L’Italia deve e può svolgere un ruolo di potenza regionale nel Mediterraneo e in Medio Oriente, da qui la nascita della missione militare in Libano che è “un successo di Massimo D’Alema e del governo”, malgrado le complicazioni dovute alle regole d’ingaggio dell’Onu. Vernetti nota anche l’abilità dalemiana di aver compiuto scelte in piena sintonia con il Dipartimento di stato americano e il governo israeliano e, contemporaneamente, di averle fatte accettare con entusiasmo dalla sinistra antagonista italiana.
Sulla guerra al terrorismo combattuta dagli Stati Uniti, Vernetti dice che Washington la sta combattendo compiendo evidenti “grossolanità”, ma questo non vuol dire che si debba abbandonare la battaglia.
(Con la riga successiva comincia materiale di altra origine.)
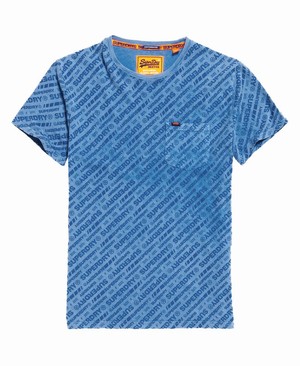 Superdry Whistler Geo Férfi Pólók Kék | XAWLJ3574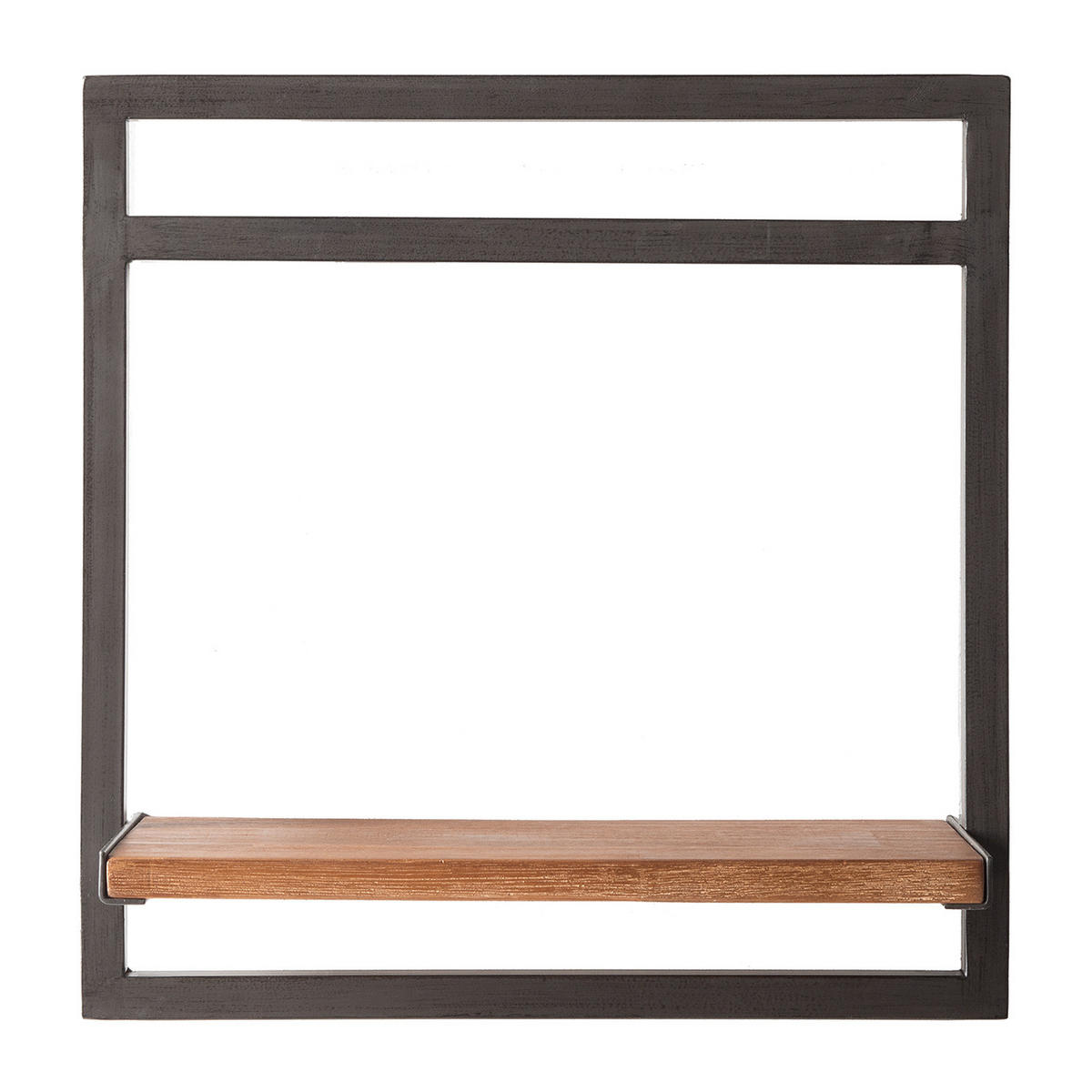 WANDREGAL - Akazie massiv / Metall - Akaziefarben, Holz (40/40/19cm) - home24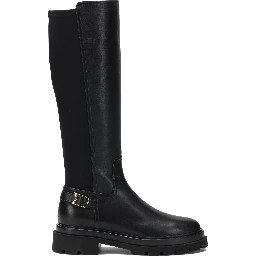 Leather knee-high boots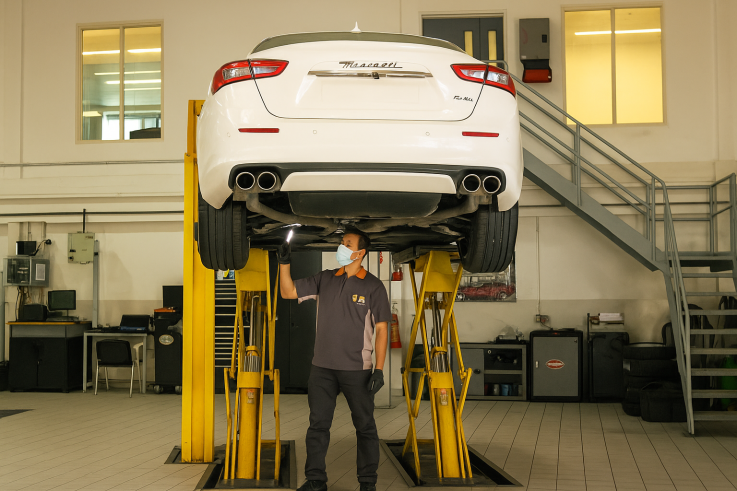 A mechanic performing professional Maserati service, inspecting the undercarriage of a Maserati on a hydraulic lift in Dubai.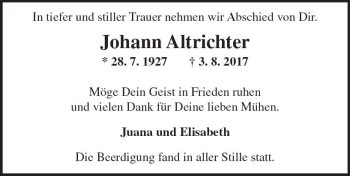 Traueranzeige von Johann Altrichter von Trauerportal Rhein Main Presse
Al contrario bisogna aumentare gli sforzi, perché “c’è una parte del mondo islamico che cerca lo scontro di civiltà e a costoro dobbiamo rispondere promuovendo un sistema di valori condivisi, fondato sulla democrazia e sui diritti”. Vernetti non critica l’incontro Prodi-Ahmadinejad, anzi crede che “si debba parlare con chiunque”, purché “si facciano valere con forza i nostri principi”. Allo stesso tempo avverte una diffusa “sottovalutazione della portata rivoluzionaria del regime islamico d’Iran”, malgrado Teheran, abbia “un preciso disegno volto allo scontro di civiltà, a cancellare Israele, a guidare l’islamismo fondamentalista, a esportare terrorismo, a finanziare Hamas e anche Hezbollah, cioè la causa vera del conflitto libanese dove ora saranno impegnati i nostri soldati”.
Chi non vede queste cose, spiega il sottosegretario, non è necessariamente mosso da intenti negativi: “Spesso questo atteggiamento nasce da buoni auspici che però rischiano di annebbiare la vista, come ha dimostrato la famosa ‘mancanza di immaginazione’ che l’11 settembre ha colto impreparata l’America”. Sull’Iran, Vernetti ricorda che “è scaduto l’ultimatum, e anche i tempi supplementari. Con le date non si scherza, ora siamo a un passo dall’adozione seria e graduale di sanzioni politiche ed economiche”.